Intentional misrepresentation claim dismissed where misrepresentation only related to future action.

Where defendants filed a counterclaim for intentional misrepresentation, but defendants’ allegations all centered around promises that plaintiffs had made to take certain actions in the future and defendants did not allege that plaintiffs had no present intention of performing when the promises were made, dismissal of the intentional misrepresentation claim was affirmed.

In Auxin, LLC v. DW Interests, LLC, No. M2022-01087-COA-R3-CV (Tenn. Ct. App. Jan. 25, 2023), plaintiffs sued defendants asserting various claims related to a real estate development contract. Defendants filed a counter-claim for breach of contract, but also included a claim for intentional misrepresentation. Among other rulings, the trial court dismissed defendants’ intentional misrepresentation claim, which was affirmed on appeal.

To successfully assert an intentional misrepresentation claim, a party must show that the tortfeasor “made a representation of an existing or past fact” that “was false when made.” (internal citation omitted). Here, defendants’ factual allegations all related to statements plaintiffs allegedly made about things they would do in the future.

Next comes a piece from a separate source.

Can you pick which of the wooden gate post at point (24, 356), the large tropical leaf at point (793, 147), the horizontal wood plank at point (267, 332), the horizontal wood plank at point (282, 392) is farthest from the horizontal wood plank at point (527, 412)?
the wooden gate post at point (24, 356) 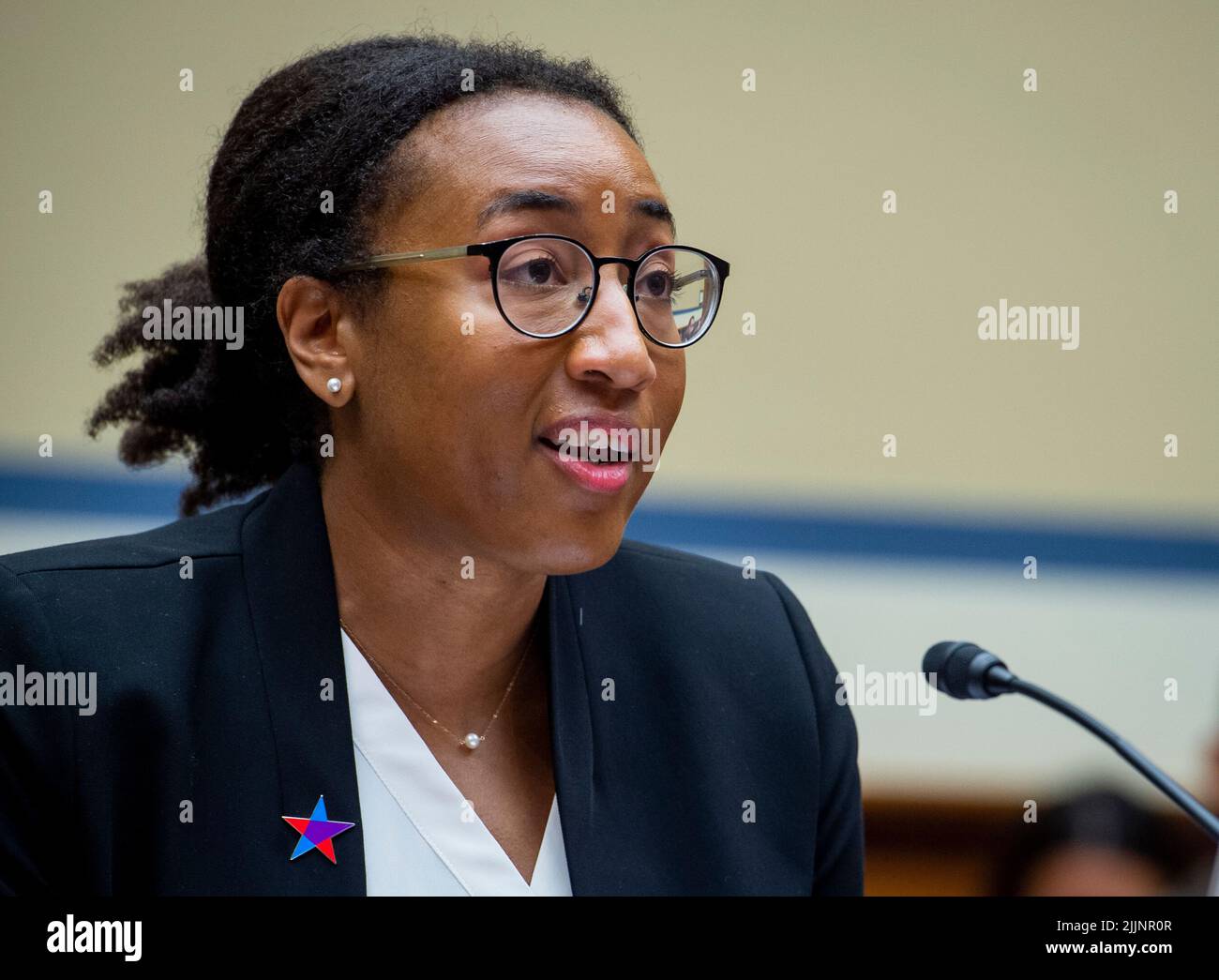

The Court wrote:

In the present case, Defendants alleged that Plaintiffs “knowingly made materially false and misleading promises and representations . . . that [Plaintiffs] would, pursuant to and under the terms of the Development Agreement,” fulfill the specific terms of the Agreement, as listed in the counter-complaint. …However, as specified by the first element, the misrepresentation must have been of an existing or past fact, not a representation of something that may occur in the future. Moreover, pursuant to the second element, the statement must have also been false when made. The substance of the Defendants’ fraud allegations stems from promises made by Plaintiffs throughout the Agreement about facts that “would” happen in the future. We recognize that a claim of fraud may be premised on a promise of future performance. But to state a claim for promissory fraud, the claimant must allege that the promisor had no present intention of performing when the promise was made. Defendants made no such allegation.

(internal citations omitted). Accordingly, dismissal of the intentional misrepresentation claim was affirmed.

This opinion was released seven months after oral arguments in this case.